* [ASSIGNED TASK]:
Among the entries below, which lines run from the line with "Alte Männer in" through the line with "Jeep Compass USB socket connector"? Retype those, both ends included, exactly and without pictures.

* [DATA SECTION]:
------------

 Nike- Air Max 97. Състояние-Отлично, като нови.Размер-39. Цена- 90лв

------------

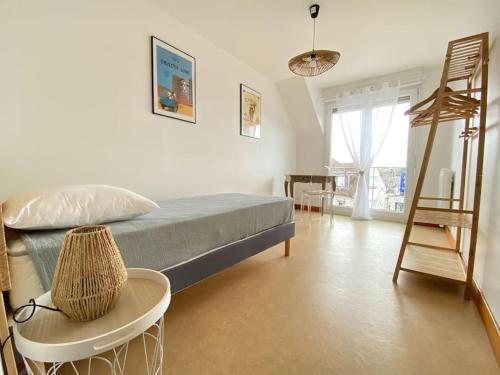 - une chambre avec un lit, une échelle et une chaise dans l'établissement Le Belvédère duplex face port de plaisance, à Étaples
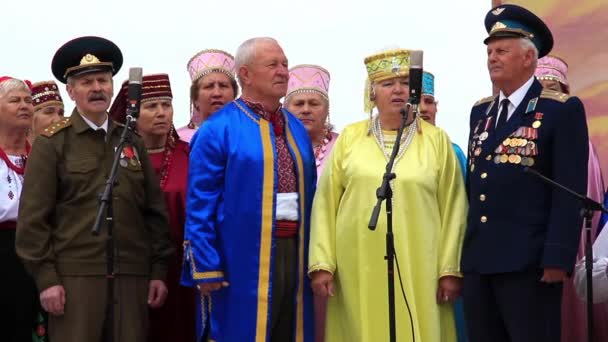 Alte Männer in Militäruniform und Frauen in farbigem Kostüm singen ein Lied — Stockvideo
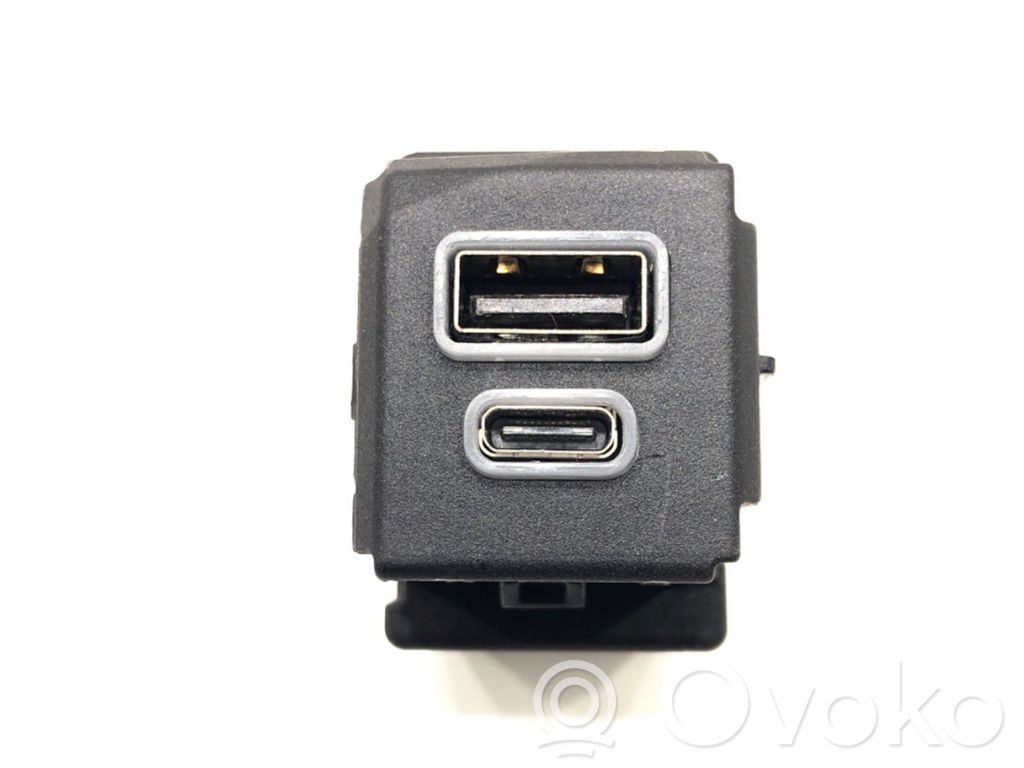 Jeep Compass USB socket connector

------------

* [WRITTEN ANSWER]:
 Alte Männer in Militäruniform und Frauen in farbigem Kostüm singen ein Lied — Stockvideo
 Jeep Compass USB socket connector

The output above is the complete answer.